Ed Nisley's Blog: Shop notes, electronics, firmware, machinery, 3D printing, laser cuttery, and curiosities. Contents: 100% human thinking, 0% AI slop.

Door Chocks

Radial Arm Saw Setup
Radial Arm Saw Setup

So I volunteered to make 40-odd door chocks for the Marching Band’s motel stay in Syracuse: by edict, all room doors must remain open until lights out. You’re probably not astonished to hear that the kids can think up all manner of reasons why their room doors just sort of drifted shut…

I contributed two battered maple library bookshelves (which my father salvaged from a flooded library three decades ago)  to the cause, whacked ’em into 5-inch chunks, then ripped each chunk into two wedges. Being the sort of bear I am, I had those suckers immobilized every which way from zero, with a push stick to make sure nothing exciting happened near my knuckles.

Worked like a champ; nothing exciting happened at all.
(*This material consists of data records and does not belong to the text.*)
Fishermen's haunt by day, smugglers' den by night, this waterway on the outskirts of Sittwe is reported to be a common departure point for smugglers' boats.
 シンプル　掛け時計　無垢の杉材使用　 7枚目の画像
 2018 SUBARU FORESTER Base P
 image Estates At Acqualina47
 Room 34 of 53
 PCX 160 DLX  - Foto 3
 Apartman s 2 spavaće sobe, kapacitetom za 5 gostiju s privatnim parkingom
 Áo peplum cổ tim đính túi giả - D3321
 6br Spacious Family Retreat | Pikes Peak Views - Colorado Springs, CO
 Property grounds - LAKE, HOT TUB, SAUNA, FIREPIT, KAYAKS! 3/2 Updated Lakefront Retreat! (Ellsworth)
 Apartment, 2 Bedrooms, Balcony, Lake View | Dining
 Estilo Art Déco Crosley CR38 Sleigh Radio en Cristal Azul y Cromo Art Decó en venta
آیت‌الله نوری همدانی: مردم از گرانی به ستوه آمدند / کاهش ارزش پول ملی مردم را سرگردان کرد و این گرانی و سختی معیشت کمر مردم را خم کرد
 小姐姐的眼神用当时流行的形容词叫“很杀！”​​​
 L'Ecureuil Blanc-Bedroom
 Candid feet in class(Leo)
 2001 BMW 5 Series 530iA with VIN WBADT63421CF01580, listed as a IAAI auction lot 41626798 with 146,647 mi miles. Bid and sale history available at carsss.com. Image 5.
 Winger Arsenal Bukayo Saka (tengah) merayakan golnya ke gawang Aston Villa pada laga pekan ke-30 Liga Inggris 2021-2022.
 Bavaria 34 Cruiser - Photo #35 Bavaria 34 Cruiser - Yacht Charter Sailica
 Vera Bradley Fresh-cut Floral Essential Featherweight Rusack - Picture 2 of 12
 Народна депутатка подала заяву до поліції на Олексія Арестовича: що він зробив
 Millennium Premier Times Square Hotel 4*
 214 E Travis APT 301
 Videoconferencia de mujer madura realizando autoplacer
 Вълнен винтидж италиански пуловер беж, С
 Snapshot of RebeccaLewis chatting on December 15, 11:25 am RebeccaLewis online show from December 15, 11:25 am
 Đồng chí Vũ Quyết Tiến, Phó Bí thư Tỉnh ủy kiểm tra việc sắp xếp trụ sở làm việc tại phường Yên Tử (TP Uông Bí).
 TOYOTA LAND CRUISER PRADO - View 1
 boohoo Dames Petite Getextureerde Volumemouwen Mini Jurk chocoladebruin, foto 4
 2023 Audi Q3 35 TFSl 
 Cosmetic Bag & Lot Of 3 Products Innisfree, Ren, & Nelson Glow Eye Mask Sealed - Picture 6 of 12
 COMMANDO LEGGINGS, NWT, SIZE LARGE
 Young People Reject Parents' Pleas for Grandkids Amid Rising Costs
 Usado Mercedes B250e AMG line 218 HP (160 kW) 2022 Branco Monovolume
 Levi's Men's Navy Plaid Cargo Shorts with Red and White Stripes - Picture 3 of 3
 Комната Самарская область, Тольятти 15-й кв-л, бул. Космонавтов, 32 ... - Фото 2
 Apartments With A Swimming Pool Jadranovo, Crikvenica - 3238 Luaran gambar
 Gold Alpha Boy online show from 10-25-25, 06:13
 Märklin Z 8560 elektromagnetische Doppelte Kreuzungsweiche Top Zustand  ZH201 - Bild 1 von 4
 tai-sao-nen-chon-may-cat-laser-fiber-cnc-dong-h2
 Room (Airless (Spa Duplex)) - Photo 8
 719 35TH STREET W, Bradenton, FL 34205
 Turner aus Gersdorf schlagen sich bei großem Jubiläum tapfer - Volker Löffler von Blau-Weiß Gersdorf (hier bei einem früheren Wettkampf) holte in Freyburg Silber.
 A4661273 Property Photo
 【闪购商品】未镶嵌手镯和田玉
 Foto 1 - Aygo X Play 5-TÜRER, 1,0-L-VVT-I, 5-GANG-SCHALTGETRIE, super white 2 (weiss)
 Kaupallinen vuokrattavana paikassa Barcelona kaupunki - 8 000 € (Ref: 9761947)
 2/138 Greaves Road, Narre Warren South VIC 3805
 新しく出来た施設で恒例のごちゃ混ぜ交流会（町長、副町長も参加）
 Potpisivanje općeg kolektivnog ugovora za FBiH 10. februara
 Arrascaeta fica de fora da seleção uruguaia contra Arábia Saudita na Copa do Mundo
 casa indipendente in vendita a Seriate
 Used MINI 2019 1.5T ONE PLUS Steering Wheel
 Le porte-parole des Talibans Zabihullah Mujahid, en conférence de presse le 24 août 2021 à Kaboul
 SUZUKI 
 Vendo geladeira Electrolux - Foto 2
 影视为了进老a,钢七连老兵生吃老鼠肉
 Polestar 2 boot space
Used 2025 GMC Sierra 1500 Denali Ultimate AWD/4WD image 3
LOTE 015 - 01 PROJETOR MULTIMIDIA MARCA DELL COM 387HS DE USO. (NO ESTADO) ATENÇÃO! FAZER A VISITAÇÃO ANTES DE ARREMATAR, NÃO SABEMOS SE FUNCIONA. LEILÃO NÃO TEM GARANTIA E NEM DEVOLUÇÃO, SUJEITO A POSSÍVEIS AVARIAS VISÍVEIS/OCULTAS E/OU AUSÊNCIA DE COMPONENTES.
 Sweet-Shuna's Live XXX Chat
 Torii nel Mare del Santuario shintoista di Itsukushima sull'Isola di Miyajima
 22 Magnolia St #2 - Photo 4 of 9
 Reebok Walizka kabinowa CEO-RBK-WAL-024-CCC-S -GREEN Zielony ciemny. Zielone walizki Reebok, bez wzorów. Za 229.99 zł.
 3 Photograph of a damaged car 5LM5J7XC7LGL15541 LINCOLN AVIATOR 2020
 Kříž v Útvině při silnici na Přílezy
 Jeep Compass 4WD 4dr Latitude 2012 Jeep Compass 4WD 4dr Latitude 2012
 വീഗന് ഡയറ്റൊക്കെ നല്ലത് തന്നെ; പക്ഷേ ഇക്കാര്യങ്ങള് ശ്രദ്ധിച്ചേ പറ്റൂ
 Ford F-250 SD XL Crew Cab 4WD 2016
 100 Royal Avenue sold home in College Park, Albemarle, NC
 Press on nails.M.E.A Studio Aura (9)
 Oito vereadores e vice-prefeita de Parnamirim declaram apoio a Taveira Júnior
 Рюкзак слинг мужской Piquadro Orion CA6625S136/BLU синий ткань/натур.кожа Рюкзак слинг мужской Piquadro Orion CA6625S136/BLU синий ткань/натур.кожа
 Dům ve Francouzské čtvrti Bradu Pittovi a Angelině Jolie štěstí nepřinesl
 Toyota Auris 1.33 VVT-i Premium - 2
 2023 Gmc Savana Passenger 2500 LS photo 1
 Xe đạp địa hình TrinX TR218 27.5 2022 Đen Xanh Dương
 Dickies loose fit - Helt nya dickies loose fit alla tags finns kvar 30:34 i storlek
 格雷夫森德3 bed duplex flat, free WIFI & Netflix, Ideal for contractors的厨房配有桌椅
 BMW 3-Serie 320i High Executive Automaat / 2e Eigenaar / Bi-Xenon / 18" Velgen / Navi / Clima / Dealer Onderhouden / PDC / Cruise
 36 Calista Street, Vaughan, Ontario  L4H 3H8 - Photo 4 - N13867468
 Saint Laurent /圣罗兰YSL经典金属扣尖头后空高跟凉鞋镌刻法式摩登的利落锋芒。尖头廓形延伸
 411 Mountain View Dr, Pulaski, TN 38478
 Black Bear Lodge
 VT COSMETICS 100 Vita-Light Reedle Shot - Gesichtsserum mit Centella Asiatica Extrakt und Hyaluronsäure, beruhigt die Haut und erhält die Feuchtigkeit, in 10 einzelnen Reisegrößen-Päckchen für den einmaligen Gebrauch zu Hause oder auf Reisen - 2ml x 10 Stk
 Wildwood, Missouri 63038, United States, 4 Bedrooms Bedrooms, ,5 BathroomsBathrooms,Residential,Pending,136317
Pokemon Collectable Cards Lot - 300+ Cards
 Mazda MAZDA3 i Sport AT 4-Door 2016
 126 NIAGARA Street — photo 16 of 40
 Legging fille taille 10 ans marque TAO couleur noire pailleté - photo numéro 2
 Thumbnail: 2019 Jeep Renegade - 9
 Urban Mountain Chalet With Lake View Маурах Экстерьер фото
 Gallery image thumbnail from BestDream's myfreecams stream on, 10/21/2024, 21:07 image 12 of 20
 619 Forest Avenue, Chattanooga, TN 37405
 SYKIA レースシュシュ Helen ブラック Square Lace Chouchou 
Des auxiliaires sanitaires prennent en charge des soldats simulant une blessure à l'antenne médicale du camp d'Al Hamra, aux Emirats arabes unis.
It just looks like the blade should suck the wedges into itself and fling ’em across the shop; they’re actually held in position from the outside and wind up quietly zinging against the blade without being caught.

I applied my cute little corner-rounding plane to one of the wedges, did some mental math, then came to my senses: Mr Chock, meet Mr Belt Sander. Ten minutes later, they’re all done!

A pleasant hour of shop time that made the whole basement smell of cut wood… which means that I’m breathing all those fine particles, even with the shopvac catching nearly everything else. Ran the lah-dee-dah radon reducer for a few hours, which helped a bit, and played with my upstairs toys for the rest of the afternoon.